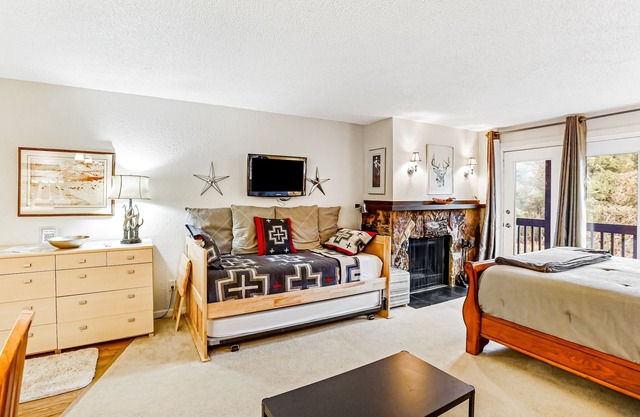 Ski-in/out condo near hiking & town with sauna & deck with amazing views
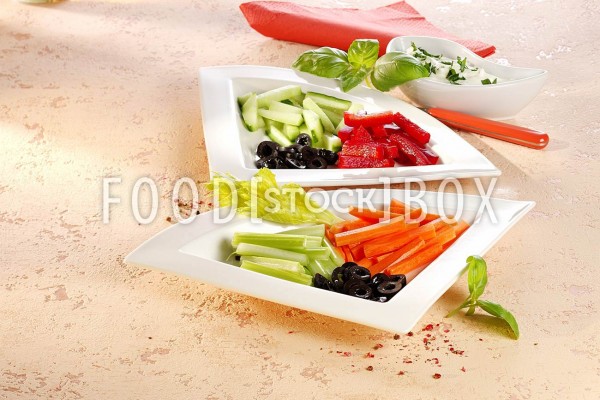 Gemüsesticks mit Joghurt-Dip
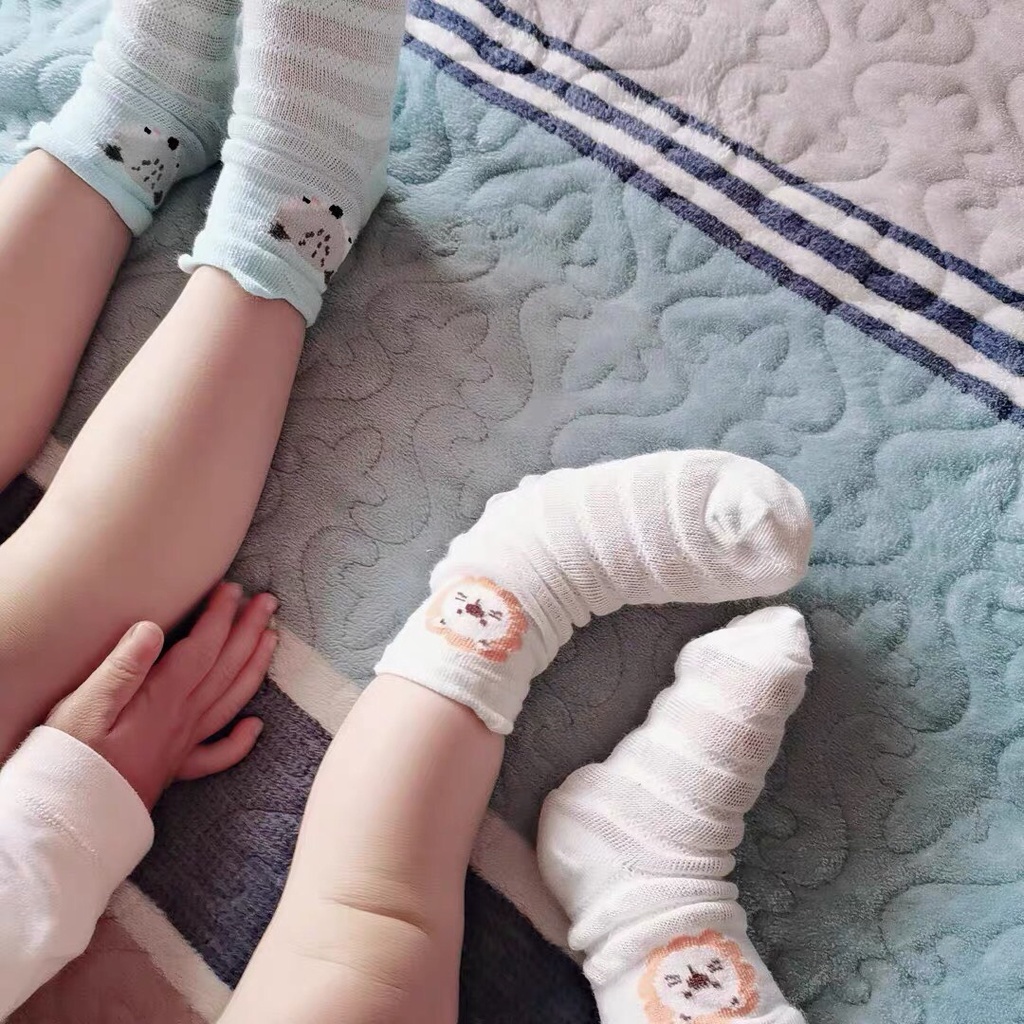 TAT 81 : Tất ren cho bé thoáng mát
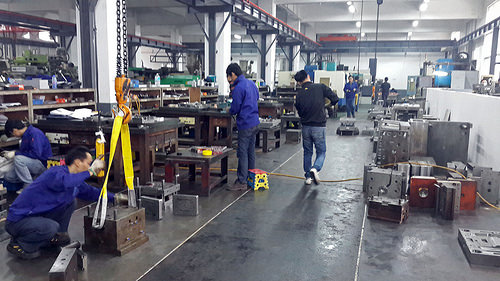 china injection mould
++++++++++
### Problem to solve
Transcribe everything above exactly. Do not include the pictures.

### Output for this exercise
 Ski-in/out condo near hiking & town with sauna & deck with amazing views
 Gemüsesticks mit Joghurt-Dip
 TAT 81 : Tất ren cho bé thoáng mát
 china injection mould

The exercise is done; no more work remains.